Con l'ordinanza n. 264 del 2016, la Corte costituzionale ha dichiarato estinto il giudizio di legittimità costituzionale dell’art. 1, comma 10, del decreto-legge 19 giugno 2015, n. 78 (Disposizioni urgenti in materia di enti territoriali. Disposizioni per garantire la continuità dei dispositivi di sicurezza e di controllo del territorio. Razionalizzazione delle spese del Servizio sanitario nazionale nonché norme in materia di rifiuti e di emissioni industriali), convertito, con modificazioni, dall’art. 1, comma 1, della legge 6 agosto 2015, n. 125, e della Tabella 2 ad esso allegata, promosso dalla Regione Siciliana con ricorso notificato il 13 ottobre 2015, depositato in cancelleria il 22 ottobre 2015 ed iscritto al n. 98 del registro ricorsi 2015.

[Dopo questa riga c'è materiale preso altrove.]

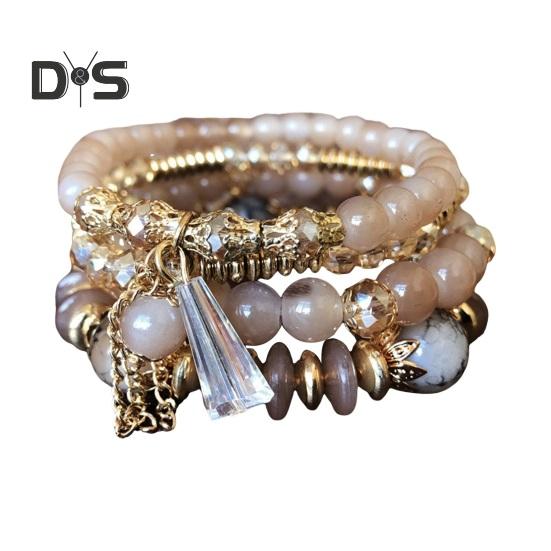 5-teiliges Damen-Armbandset mit Kunstkristallen, glatt, mit mehreren Anhängern, Schmuck im Retro-Boho-Stil mit elastischer Kordel, mehrlagiges stapelbares Armbandset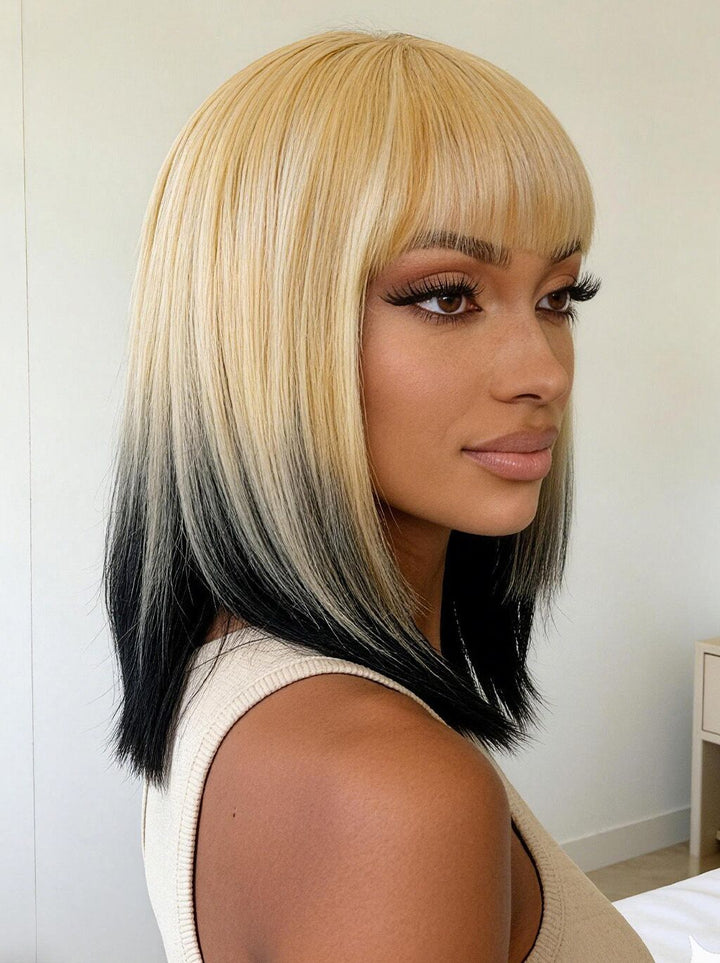 Dorsanee 12 inch Short Ombre Blonde Black Layered Face-Framing Pieces Hime Cut Blunt Bob Wig with Bangs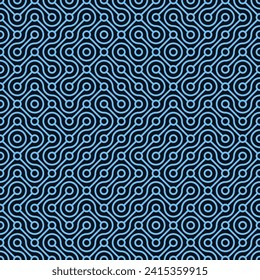 Seamless Cyber Technology Pattern. Circles and Lines Retro Vintage Backdrop. Tech Vector Background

La Regione Siciliana aveva impugnato la norma in riferimento agli artt. 14, lettera o), 15, 20 e 36 del regio decreto legislativo 15 maggio 1946, n. 455 (Approvazione dello statuto regionale), convertito in legge costituzionale 26 febbraio 1948, n. 2, all’art. 2 del decreto del Presidente della Repubblica 26 luglio 1965, n. 1074 (Norme di attuazione dello Statuto in materia finanziaria) e agli artt. 81, sesto comma, 97, primo comma, 119, primo, quarto e sesto comma, e 120 della Costituzione. Procedeva, però, alla rinuncia del ricorso, che veniva accettata dal Presidente del Consiglio.

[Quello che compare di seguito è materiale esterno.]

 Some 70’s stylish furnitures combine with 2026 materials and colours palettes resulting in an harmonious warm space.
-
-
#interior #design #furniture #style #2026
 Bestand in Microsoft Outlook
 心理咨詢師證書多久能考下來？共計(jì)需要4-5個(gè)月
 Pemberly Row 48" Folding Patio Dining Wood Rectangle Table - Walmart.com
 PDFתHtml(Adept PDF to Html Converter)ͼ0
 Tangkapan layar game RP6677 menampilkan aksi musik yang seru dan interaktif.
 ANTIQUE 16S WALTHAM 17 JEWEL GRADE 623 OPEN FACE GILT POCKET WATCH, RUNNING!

Con sentenza n. 277 del 2016, la Corte costituzionale ha dichiarato cessata la materia del contendere in ordine alle questioni di legittimità costituzionale degli artt. 4, 5, 6, 8, 9, 10, 12, 13, 15, 16, 17, 20, 27 e 33 della legge della Regione siciliana 4 agosto 2015, n. 15 (Disposizioni in materia di liberi consorzi comunali e città metropolitane), promosse dal Presidente del Consiglio dei ministri, in riferimento agli artt. 3, 5, 51, 117, commi secondo, lettere e), p) ed s), e terzo, 118, secondo comma, della Costituzione ed agli artt. 14, 15 e 17 del regio decreto legislativo 15 maggio 1946, n. 455 (Approvazione dello statuto della Regione siciliana), in relazione all’art. 1, commi 7, 8, 9, 19, 20, 24, 25, 51 e seguenti (in particolare, 55, 63 e 84), della legge 7 aprile 2014, n. 56 (Disposizioni sulle città metropolitane, sulle province, sulle unioni e fusioni di comuni); all’art. 3-bis del decreto-legge 13 agosto 2011, n. 138 (Ulteriori misure urgenti per la stabilizzazione finanziaria e per lo sviluppo), convertito, con modificazioni, dalla legge 14 settembre 2011, n. 148; ed agli artt. 142 e seguenti del decreto legislativo 3 aprile 2006, n. 152 (Norme in materia ambientale).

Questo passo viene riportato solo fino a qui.